Your assignment: The lines from the start of the listing through the line containing "I got a lot" should be printed exactly, and no other lines should be printed.

· · · · · · ·

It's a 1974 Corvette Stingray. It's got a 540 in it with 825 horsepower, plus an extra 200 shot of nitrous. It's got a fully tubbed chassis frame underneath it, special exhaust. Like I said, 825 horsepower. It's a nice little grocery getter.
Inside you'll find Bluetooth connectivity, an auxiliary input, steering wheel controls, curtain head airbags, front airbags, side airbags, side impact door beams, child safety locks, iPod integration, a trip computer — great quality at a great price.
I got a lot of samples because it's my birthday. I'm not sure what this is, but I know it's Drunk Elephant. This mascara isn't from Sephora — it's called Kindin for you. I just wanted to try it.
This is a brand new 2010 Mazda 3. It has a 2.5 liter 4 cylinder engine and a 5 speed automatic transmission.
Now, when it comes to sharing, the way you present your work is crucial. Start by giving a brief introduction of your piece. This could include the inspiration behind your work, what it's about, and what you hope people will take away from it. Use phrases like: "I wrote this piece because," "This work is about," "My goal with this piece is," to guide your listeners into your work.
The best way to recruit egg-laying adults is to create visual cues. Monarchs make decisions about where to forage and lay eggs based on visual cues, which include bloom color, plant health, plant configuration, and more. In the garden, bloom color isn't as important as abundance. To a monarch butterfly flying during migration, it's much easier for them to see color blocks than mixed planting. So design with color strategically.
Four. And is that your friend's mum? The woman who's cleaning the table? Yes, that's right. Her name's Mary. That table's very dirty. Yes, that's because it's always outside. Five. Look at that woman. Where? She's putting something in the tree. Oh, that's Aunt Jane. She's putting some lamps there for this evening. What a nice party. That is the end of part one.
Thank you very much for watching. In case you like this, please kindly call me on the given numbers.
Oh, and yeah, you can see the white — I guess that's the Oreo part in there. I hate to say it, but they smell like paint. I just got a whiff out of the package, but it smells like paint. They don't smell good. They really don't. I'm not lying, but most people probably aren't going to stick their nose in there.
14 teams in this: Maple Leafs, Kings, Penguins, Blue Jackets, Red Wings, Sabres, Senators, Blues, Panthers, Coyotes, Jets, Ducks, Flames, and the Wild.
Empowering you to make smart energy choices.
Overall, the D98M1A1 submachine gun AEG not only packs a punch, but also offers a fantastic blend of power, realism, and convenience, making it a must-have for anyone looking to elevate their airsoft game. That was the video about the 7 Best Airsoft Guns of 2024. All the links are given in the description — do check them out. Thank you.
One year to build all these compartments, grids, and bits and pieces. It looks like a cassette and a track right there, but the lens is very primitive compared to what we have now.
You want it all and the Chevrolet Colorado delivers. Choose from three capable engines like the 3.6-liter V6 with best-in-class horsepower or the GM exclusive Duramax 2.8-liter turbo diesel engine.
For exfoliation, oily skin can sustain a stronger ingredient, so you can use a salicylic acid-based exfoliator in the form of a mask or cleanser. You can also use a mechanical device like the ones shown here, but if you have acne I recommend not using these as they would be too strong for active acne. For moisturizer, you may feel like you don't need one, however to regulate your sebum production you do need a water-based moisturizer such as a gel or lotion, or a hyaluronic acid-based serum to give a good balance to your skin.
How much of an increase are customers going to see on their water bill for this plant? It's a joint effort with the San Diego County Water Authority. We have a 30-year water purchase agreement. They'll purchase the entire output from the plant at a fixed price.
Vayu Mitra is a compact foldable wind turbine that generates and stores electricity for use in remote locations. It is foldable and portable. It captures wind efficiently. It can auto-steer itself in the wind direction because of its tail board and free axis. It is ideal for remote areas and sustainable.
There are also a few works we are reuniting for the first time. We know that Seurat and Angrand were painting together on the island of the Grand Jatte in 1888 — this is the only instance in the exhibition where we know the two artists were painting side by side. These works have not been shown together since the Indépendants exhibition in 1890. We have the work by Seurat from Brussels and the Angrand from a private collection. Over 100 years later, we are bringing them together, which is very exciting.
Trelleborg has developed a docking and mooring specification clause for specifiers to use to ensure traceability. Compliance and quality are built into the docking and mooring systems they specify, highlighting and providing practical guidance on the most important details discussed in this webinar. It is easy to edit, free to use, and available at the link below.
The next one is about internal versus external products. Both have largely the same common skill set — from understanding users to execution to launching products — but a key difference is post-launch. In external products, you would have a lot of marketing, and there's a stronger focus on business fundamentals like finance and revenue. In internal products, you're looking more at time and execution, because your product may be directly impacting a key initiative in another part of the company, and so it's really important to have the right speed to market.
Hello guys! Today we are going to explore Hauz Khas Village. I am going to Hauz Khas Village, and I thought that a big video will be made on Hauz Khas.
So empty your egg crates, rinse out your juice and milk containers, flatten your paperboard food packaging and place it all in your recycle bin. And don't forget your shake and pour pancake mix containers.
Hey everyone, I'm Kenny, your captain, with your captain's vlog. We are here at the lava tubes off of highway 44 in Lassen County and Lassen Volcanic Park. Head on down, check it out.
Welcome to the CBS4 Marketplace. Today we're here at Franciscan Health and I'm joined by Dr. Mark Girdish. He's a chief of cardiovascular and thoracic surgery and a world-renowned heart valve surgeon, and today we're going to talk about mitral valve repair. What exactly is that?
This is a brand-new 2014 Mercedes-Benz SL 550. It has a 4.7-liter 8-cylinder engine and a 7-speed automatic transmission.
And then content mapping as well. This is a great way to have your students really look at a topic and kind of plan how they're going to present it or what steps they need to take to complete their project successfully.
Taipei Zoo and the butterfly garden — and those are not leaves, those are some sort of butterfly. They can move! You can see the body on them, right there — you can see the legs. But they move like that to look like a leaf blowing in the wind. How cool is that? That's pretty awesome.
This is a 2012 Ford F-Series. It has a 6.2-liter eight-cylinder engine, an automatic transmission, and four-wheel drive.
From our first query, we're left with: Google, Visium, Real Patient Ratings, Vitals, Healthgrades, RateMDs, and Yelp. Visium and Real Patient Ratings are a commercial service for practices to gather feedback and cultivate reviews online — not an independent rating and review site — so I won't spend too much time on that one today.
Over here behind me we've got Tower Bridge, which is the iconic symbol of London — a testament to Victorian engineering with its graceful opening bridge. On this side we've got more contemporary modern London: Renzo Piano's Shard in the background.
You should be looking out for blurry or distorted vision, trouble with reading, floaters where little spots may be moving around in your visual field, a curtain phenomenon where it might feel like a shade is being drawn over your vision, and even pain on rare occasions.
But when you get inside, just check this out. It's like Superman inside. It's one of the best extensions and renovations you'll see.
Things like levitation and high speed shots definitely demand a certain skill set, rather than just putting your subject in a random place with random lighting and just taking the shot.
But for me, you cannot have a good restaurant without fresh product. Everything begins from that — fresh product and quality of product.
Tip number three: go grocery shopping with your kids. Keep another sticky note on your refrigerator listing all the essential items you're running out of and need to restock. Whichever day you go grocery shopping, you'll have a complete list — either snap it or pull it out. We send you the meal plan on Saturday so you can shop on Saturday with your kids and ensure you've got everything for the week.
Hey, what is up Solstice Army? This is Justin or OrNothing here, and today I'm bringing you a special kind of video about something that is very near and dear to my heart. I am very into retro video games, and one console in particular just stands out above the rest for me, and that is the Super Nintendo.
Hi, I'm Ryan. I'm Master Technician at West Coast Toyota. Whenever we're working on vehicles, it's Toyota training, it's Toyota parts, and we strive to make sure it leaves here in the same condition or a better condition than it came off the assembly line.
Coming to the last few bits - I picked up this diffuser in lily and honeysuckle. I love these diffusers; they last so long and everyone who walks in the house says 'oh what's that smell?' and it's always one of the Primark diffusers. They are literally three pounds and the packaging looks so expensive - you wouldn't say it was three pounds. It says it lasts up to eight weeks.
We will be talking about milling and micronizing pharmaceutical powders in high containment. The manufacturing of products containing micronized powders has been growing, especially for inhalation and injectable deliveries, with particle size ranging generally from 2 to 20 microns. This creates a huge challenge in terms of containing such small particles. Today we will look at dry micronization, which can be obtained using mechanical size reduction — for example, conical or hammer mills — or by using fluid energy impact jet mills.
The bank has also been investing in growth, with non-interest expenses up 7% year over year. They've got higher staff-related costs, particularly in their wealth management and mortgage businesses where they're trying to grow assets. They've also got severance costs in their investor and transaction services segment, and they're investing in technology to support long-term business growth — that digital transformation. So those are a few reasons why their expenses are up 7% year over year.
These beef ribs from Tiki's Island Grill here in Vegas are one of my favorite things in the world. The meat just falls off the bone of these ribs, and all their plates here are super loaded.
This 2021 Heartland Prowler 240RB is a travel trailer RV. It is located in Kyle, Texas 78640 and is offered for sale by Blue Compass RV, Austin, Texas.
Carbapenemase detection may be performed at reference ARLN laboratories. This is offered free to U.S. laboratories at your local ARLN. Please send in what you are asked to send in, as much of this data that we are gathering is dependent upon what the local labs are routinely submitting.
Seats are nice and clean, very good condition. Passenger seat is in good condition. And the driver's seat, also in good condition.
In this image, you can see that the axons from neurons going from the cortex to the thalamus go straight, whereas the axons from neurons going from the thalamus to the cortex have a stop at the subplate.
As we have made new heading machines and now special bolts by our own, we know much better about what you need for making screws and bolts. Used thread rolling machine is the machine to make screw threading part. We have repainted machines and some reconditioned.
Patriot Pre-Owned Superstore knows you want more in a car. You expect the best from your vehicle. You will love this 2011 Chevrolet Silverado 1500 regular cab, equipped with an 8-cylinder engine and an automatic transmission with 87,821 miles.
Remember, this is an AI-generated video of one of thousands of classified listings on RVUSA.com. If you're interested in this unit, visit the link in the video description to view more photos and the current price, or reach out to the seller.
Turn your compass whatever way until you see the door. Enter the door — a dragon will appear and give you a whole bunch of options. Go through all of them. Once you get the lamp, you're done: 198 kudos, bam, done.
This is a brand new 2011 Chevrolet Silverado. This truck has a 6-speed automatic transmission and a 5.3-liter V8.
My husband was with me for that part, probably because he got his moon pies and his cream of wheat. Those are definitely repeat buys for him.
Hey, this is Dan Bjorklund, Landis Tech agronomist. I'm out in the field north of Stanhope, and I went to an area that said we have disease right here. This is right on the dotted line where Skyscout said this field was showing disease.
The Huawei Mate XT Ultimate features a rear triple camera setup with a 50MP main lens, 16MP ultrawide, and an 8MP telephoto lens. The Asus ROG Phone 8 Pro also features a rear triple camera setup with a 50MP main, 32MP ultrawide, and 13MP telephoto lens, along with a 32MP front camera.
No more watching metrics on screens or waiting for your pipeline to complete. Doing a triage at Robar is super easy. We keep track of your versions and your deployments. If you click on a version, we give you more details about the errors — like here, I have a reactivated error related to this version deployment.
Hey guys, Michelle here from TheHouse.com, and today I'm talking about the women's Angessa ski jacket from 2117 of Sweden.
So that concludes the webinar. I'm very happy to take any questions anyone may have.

· · · · · · ·

Solution:
It's a 1974 Corvette Stingray. It's got a 540 in it with 825 horsepower, plus an extra 200 shot of nitrous. It's got a fully tubbed chassis frame underneath it, special exhaust. Like I said, 825 horsepower. It's a nice little grocery getter.
Inside you'll find Bluetooth connectivity, an auxiliary input, steering wheel controls, curtain head airbags, front airbags, side airbags, side impact door beams, child safety locks, iPod integration, a trip computer — great quality at a great price.
I got a lot of samples because it's my birthday. I'm not sure what this is, but I know it's Drunk Elephant. This mascara isn't from Sephora — it's called Kindin for you. I just wanted to try it.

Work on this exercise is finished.